Bailey had a front-row seat as federal prosecutors unspooled Guzmán’s long career shipping hundreds of tons of cocaine to the United States and orchestrating the deaths of dozens of people to protect his vast operation.

On Wednesday, Bailey was back in a courtroom, this time as a defendant.

Bailey was accused by prosecutors in Queens of moonlighting as a bodyguard for people he believed to be drug dealers and of selling illegal drugs, according to a criminal complaint. Bailey, who joined the police department 12 years ago, was suspended without pay.

Karlton Jarrett, an assistant district attorney in Queens, said in court Wednesday that Bailey had worked off-duty jobs, including as “escort security” for Guzmán’s wife, Emma Coronel Aispuro.

Aispuro’s lawyer, Mariel Colon Miro, said Bailey had accompanied her client to federal court in Brooklyn the day of Guzmán’s sentencing in July.

“It was one day — three minutes walking her to the courthouse and three minutes walking her back to the vehicle,” Colon Miro said. “It’s very unfortunate.”
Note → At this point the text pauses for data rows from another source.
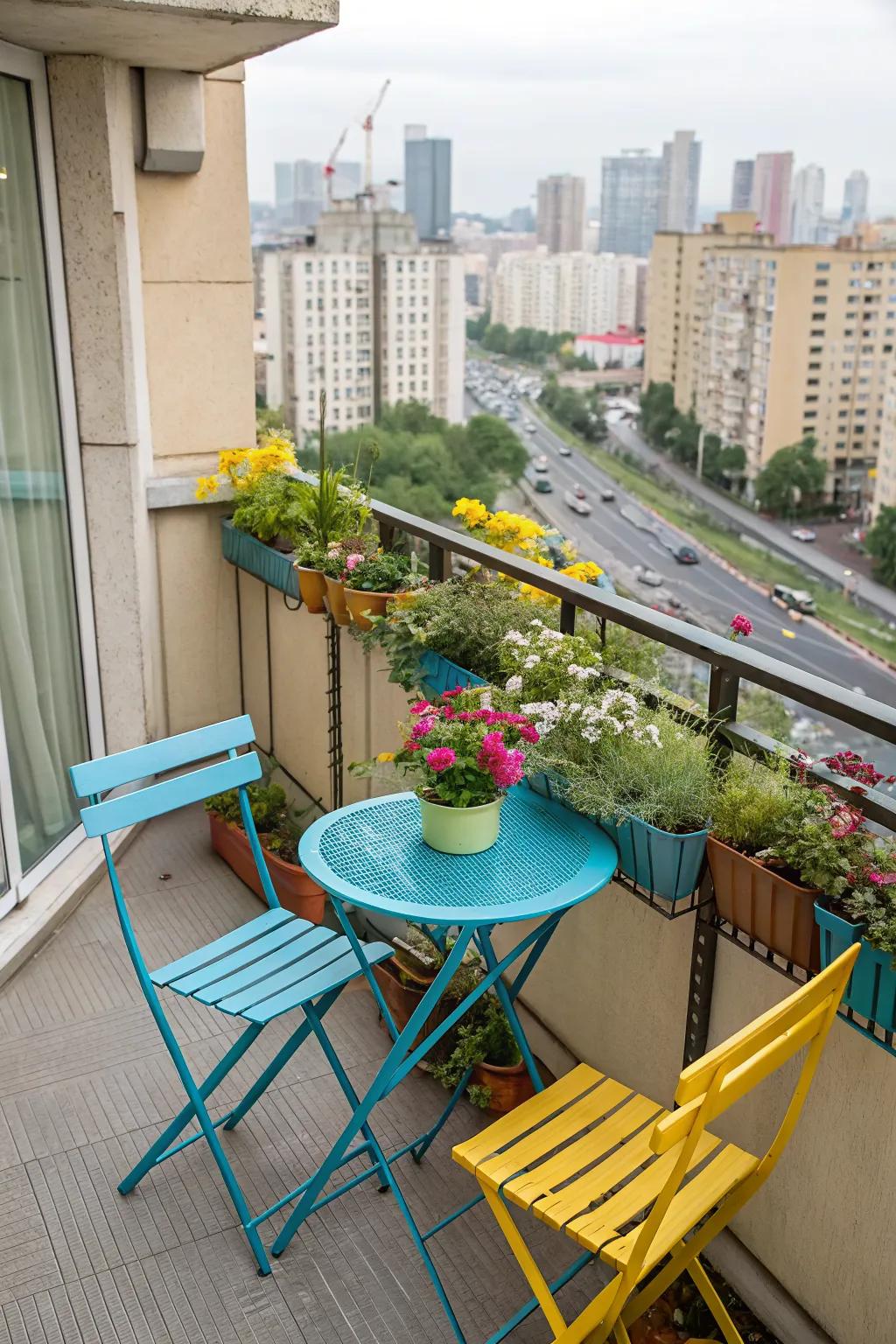 Add a pop of color with a foldable bistro set on your small balcony.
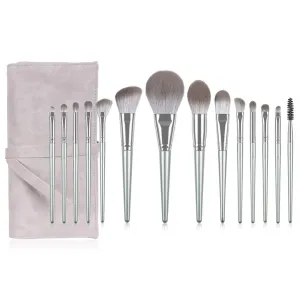 Makeup brush full set 14 pieces powder eye shadow foundation make-up powder blusher high gloss super soft hair(13.5cm,black)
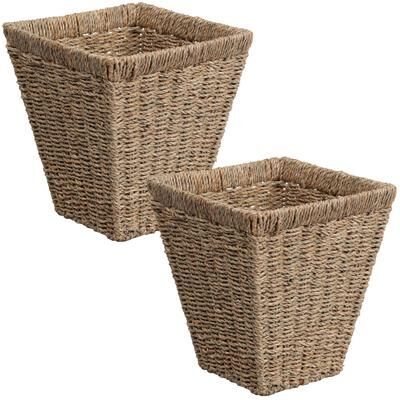 happimess Alden Rustic Bohemian Handwoven Seagrass 2.3-Gallon Tapered Square Wicker Watebasket (Set of 2)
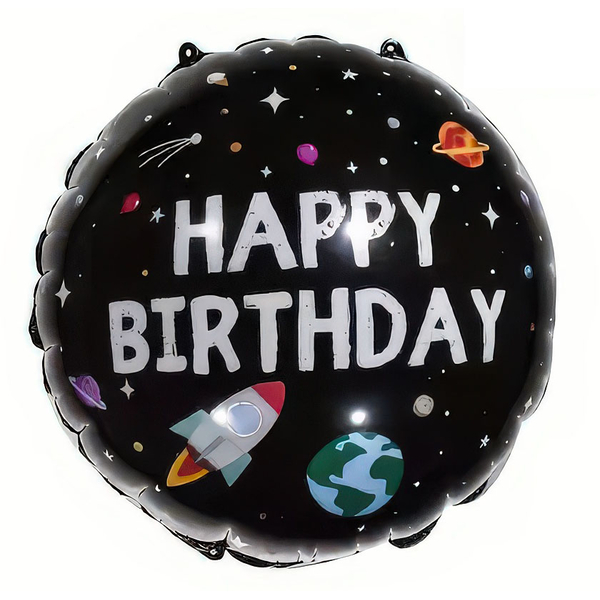 Folieballong Happy Birthday Spaceman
Bailey’s lawyer, Jeff Cohen, said his client’s side job providing security for Aispuro “is irrelevant to the charges.” His client entered a plea of not guilty and intends to fight the charges, Cohen said.
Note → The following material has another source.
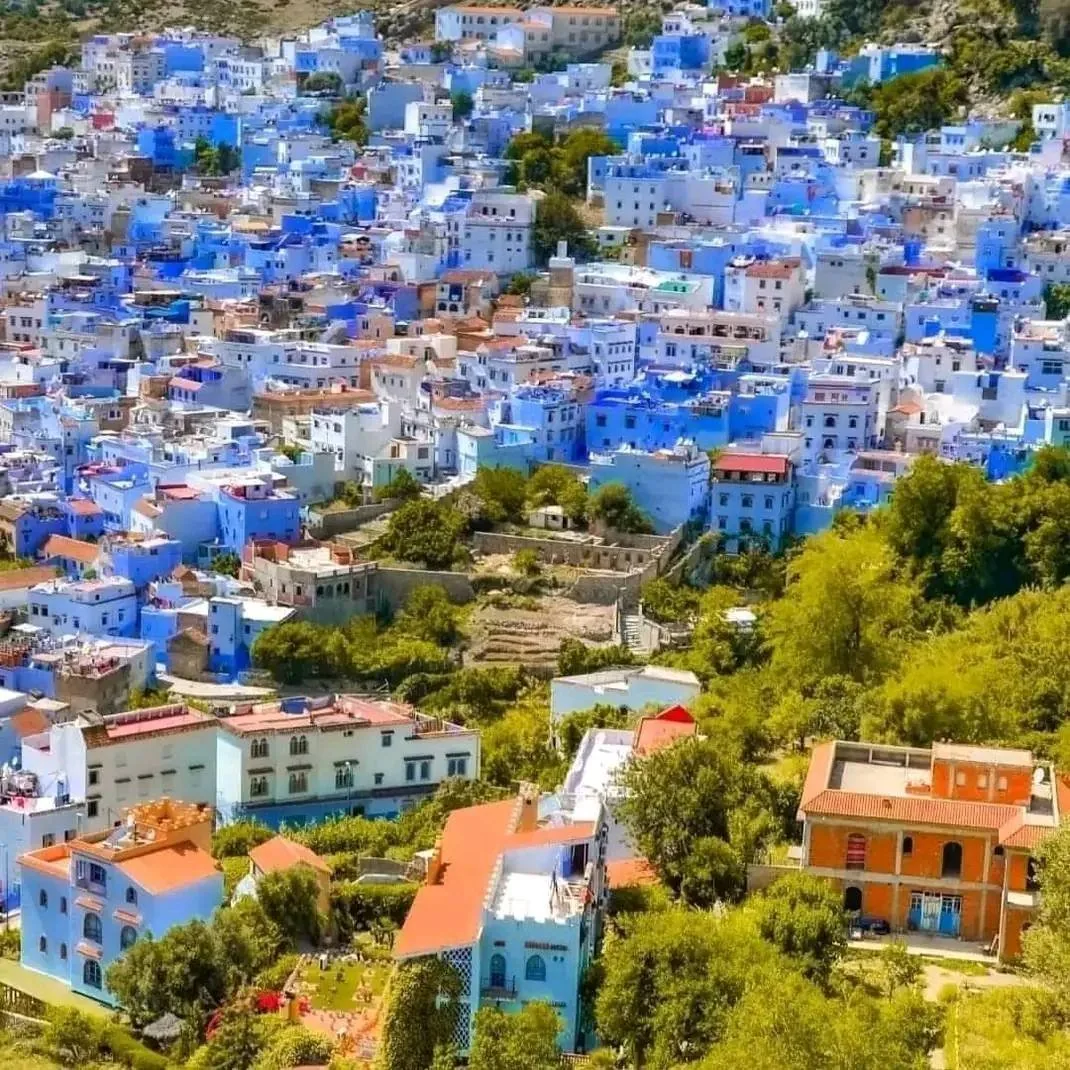 Panoramic view of Chefchaouen blue city Rif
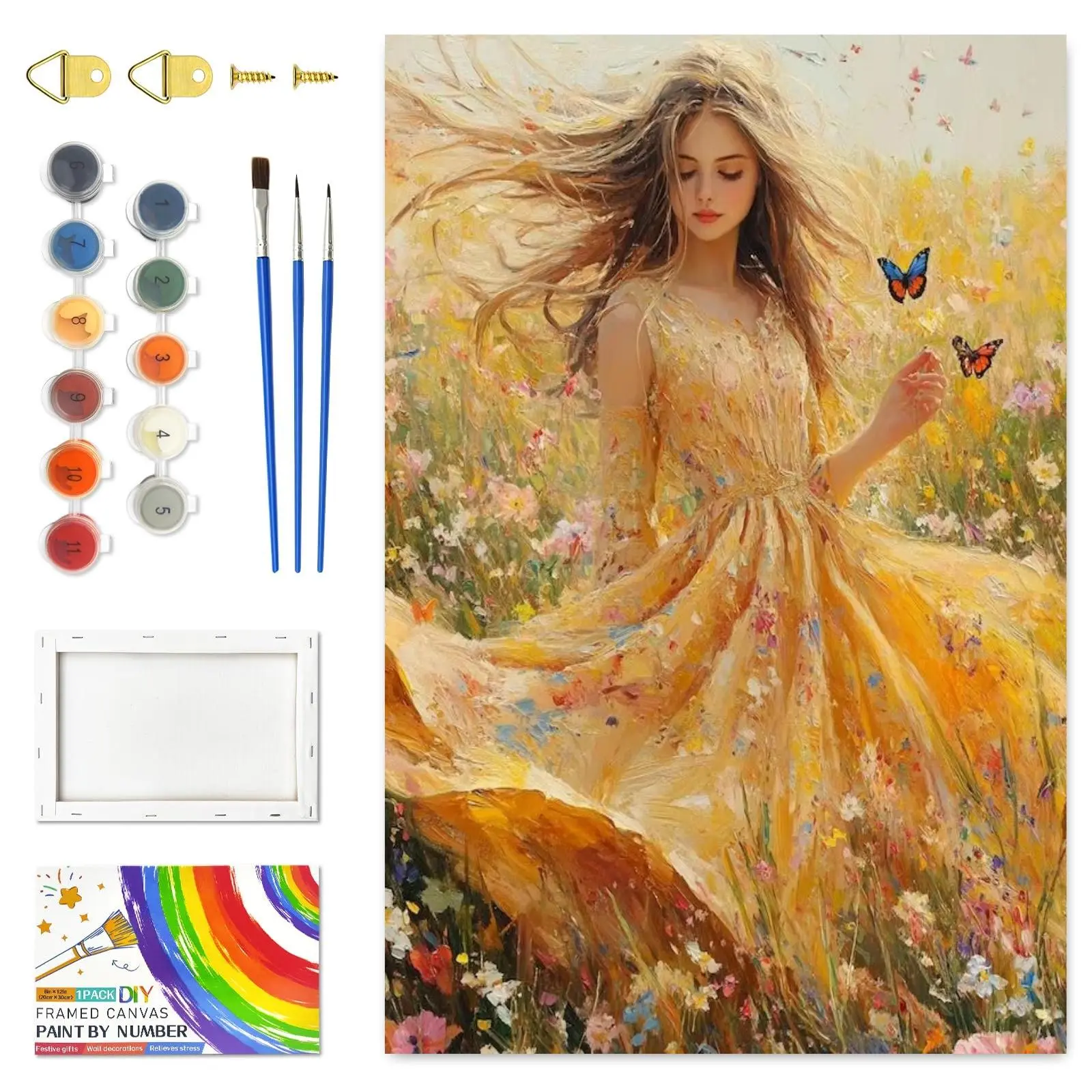 Paint by Numbers for Adults with Stretched Canvas Frame 16x20 inch 40x50cm DIY Acrylic Oil Painting Kit Romantic Aesthetic Girl Sea Landscape Wall Art Crafts Aesthetic Home Room Decor Birthday Gifts Pre-framed Paint by Number Kit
“We have a lot of investigation to do,” he said.

The accusations against the officer involve wrongdoing that occurred long after the trial of Guzmán ended and are not related to the Mexican drug cartel he controlled.

The acting Queens district attorney, John Ryan, said Bailey had betrayed his oath of office.

“Today, sadly, he is accused of taking part in an illicit drug operation,” Ryan said in a statement. “This kind of malfeasance will not be tolerated.”

The police commissioner, James O’Neill, also expressed his dismay.

“There is no place for corruption within the NYPD,” O’Neill said. “When an individual officer intentionally tarnishes the shield worn proudly by thousands before him, he will be held to the highest account the law provides.”

Bailey had worked briefly for a company that provided transportation for Aispuro, police said. Officers often work second jobs, but the department would not say if it knew at the time that Bailey had arranged to work for Aispuro.

The department also did not respond to specific questions about its vetting policies regarding officers seeking to work second jobs.

According to a police department patrol guide, an officer must file an application with details about the second employer’s name and assignments, which is later approved by more than one supervisor.

The investigation of Bailey began in July after his commanding officer raised concerns about him, according to Assistant Chief Brian O’Neill, the executive officer of the Internal Affairs Bureau. O’Neill would not say what those concerns were.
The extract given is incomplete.